4x4 : en ville ou à la campagne

par Christian Le Meut
mardi 21 mars 2006

Il y a le 4x4 des villes et il y a le 4x4 des champs. Le 4x4 des villes se trouva fort dépourvu quand le bitume fut venu. Plus la moindre trace de boue à se mettre sous la roue, plus la moindre petite fleur à écraser sous ses chevaux-vapeur. Mais le 4x4 des villes avait des amis qui, sans rien dire, discrètement, la nuit venaient déverser sur sa carrosserie des seaux de boue de la meilleure qualité. Voilà nos 4x4 des villes ragaillardis sous les badigeons d’écolos ravis.

L’histoire se passe dans la belle ville de Lille.
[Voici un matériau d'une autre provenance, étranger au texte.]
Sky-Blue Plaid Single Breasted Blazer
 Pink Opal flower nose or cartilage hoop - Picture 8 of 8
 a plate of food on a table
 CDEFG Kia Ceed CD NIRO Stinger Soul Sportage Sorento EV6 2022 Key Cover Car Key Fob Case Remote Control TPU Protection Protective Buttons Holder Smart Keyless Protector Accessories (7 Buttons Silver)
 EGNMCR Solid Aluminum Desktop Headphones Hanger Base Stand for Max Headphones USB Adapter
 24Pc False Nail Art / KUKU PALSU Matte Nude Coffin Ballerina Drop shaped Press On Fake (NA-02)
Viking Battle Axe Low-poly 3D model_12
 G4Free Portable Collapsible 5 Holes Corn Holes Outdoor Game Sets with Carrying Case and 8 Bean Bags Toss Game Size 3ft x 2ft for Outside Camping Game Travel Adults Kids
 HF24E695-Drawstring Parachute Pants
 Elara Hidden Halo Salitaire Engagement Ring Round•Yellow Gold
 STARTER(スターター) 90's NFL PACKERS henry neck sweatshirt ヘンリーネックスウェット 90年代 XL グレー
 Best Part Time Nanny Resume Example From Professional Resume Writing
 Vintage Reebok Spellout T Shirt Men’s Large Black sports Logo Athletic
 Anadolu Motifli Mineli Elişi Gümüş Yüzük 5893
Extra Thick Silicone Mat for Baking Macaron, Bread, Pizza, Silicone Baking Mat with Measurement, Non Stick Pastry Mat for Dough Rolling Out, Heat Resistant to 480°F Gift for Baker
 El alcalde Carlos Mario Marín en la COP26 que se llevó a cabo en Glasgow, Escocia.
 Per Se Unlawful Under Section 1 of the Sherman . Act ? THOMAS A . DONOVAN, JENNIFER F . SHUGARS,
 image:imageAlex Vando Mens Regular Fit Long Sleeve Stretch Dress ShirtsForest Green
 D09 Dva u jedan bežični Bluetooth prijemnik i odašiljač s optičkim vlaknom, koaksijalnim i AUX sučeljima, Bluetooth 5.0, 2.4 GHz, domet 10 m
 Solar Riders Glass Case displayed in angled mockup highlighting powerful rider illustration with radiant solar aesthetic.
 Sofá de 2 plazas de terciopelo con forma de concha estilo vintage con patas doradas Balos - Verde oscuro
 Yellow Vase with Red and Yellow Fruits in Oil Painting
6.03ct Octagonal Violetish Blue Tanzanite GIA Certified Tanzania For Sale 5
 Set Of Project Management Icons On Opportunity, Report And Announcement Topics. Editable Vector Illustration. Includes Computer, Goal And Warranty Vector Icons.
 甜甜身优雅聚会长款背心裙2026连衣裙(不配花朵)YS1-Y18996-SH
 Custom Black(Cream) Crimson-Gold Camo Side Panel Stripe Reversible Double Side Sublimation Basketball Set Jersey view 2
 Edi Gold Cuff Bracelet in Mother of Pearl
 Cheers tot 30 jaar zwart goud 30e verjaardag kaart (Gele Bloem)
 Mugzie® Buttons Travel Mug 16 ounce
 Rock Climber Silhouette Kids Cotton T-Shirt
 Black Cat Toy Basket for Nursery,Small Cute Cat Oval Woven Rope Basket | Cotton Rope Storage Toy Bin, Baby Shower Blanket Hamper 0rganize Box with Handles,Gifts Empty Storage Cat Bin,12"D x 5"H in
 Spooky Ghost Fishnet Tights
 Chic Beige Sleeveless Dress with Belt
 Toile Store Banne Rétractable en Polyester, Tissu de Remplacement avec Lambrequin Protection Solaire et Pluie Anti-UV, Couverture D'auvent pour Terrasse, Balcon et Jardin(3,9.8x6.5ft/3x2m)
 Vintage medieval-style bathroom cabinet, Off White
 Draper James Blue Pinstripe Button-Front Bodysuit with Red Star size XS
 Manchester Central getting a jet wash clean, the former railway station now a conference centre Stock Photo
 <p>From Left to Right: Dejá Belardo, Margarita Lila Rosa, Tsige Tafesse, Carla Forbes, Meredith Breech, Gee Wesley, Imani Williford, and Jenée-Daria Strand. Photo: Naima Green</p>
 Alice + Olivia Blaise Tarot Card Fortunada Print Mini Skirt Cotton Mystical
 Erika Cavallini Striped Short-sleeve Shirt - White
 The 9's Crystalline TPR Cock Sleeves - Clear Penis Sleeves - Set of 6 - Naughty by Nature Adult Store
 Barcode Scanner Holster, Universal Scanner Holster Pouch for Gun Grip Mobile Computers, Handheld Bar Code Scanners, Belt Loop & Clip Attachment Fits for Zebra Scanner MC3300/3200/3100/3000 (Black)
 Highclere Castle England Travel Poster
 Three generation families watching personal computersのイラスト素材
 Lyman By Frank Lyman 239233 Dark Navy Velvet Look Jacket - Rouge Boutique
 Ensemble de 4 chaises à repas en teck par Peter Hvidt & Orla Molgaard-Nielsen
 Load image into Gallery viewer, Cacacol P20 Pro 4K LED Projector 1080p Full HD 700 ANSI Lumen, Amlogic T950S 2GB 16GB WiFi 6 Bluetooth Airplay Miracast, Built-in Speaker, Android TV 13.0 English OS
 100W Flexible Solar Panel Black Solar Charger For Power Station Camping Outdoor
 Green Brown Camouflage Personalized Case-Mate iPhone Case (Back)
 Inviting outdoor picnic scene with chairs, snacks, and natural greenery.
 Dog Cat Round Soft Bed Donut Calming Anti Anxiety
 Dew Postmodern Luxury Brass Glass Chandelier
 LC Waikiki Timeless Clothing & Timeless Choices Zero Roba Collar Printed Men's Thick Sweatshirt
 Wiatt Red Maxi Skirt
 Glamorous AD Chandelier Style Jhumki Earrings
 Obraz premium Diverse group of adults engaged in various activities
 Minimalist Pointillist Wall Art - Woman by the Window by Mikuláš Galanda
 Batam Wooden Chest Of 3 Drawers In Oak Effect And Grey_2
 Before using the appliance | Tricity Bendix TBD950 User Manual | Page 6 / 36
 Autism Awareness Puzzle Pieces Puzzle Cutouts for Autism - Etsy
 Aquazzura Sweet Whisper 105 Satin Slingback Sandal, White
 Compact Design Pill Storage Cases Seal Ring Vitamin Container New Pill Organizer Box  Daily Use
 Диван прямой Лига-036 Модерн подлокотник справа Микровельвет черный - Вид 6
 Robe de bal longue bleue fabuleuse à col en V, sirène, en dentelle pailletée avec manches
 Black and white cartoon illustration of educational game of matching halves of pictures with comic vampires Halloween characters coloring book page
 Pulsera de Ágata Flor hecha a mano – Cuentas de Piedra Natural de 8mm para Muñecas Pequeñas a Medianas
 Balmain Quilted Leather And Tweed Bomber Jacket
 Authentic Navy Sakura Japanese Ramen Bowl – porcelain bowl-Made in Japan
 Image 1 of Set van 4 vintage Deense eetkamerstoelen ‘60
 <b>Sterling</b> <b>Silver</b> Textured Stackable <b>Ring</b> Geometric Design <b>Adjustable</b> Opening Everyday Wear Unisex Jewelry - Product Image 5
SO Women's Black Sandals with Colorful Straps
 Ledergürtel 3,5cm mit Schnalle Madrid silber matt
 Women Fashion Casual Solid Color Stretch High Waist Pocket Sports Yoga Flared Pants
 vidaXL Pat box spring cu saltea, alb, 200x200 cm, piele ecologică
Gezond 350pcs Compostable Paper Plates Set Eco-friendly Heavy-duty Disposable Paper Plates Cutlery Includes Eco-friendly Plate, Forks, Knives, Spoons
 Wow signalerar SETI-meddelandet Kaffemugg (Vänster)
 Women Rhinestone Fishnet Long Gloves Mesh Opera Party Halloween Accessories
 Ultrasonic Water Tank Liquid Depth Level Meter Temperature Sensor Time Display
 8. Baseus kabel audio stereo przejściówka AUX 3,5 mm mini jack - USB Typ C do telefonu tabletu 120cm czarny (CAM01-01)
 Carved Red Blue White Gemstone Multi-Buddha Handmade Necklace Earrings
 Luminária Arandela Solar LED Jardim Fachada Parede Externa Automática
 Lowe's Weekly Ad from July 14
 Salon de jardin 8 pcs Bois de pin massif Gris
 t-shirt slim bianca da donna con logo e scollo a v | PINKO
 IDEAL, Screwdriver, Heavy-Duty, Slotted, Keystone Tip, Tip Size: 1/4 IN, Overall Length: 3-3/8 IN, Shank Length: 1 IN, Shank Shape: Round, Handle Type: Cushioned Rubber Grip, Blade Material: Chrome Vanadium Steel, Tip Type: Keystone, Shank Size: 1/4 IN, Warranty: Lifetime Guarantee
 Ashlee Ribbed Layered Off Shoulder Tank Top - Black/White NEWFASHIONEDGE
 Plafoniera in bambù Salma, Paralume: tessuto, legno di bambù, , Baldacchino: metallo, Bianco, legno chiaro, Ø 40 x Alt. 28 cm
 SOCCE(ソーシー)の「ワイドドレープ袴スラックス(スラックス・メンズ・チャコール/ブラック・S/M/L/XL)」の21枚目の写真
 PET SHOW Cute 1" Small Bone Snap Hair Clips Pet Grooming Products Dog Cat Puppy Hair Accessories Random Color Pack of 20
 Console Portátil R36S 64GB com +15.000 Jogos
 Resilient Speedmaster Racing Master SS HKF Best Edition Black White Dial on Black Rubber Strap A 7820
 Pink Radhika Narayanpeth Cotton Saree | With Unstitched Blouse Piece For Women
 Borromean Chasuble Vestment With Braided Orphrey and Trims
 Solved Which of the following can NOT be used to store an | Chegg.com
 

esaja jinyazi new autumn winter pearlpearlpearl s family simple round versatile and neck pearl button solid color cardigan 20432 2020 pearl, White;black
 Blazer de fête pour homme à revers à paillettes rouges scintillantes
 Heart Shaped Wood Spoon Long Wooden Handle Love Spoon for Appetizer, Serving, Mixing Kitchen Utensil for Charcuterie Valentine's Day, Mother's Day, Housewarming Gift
Nuitamment, des citoyens ordinaires sortent, armés de seaux de boue, pour aller maculer des 4x4 garés en ville. Aucune violence ni destruction : il s’agit juste d’une opération de solidarité. Les 4x4 dépriment sur le bitume des villes, il leur faut une dose de boue pour garder le moral. Et des gens comme vous et moi prennent soin d’aller les enduire de boue, la nuit, pour leur soutenir le moral. Une sorte de thalassothérapie... Cette histoire est vraie, rapportée par le quotidien Libération du 15 février dernier. Il y a même un site internet pour en savoir plus, au nom de collectifpour lebienetredes44@no-log.org.

Il s’agit d’une action non-violente et humoristique pour contester la présence en ville des 4x4 qui polluent plus que les autres voitures, occupent plus d’espace que les autres, et sont plus dangereux que les voitures normales pour les piétons et les deux roues à cause de leur carrosserie surélevée.



Et à la campagne ?
Si l’on y pense bien, la place du 4x4 n’est, certes, pas en ville, mais est-elle vraiment à la campagne ? Les routes sont également bitumées dans nos zones rurales, et il est rare qu’un 4x4 y soit réellement utile. Il y a quelques mois, de gentils randonneurs venus dans leurs gros 4x4 saccager des chemins dans les monts d’Arrée, ont été condamnés à des peines d’amende par un tribunal correctionnel. Le parc régional d’Armorique avait porté plainte, et n’avait pas apprécié la visite de ces amoureux de la nature qui ne peuvent prendre le grand air qu’en le polluant, reclus dans leurs tanks légèrement civilisés.
Je suis toujours surpris de voir que certaines personnes ne peuvent venir se promener dans la nature qu’au volant ou au guidon de leurs véhicules à moteur. Comment apprécier réellement la nature, si l’on n’est pas à l’écoute de ses bruits, de ses odeurs, de son calme ? C’est dans le calme que l’on peut surprendre tel animal sauvage, écouter un chant d’oiseau particulier, sentir les odeurs exhalées par telle ou telle plante. L’intrusion d’un véhicule à moteur dans la nature la change radicalement : partis, les animaux ; pollué, l’air ; couverts, les bruits et les chants d’oiseaux.

Dans un musée ?
Alors, non, le 4x4 n’a sa place ni en ville ni en campagne. Juste, peut-être, dans un musée. Nos descendants pourront l’y contempler pour tenter de comprendre comment nous aurons pourri leur atmosphère. Notamment grâce à ces véhicules ultra-polluants et qui ne servent à rien sinon à s’y croire et à frimer. J’ai peur que nous ne payions, nous et nos enfants, cher le prix de notre frime.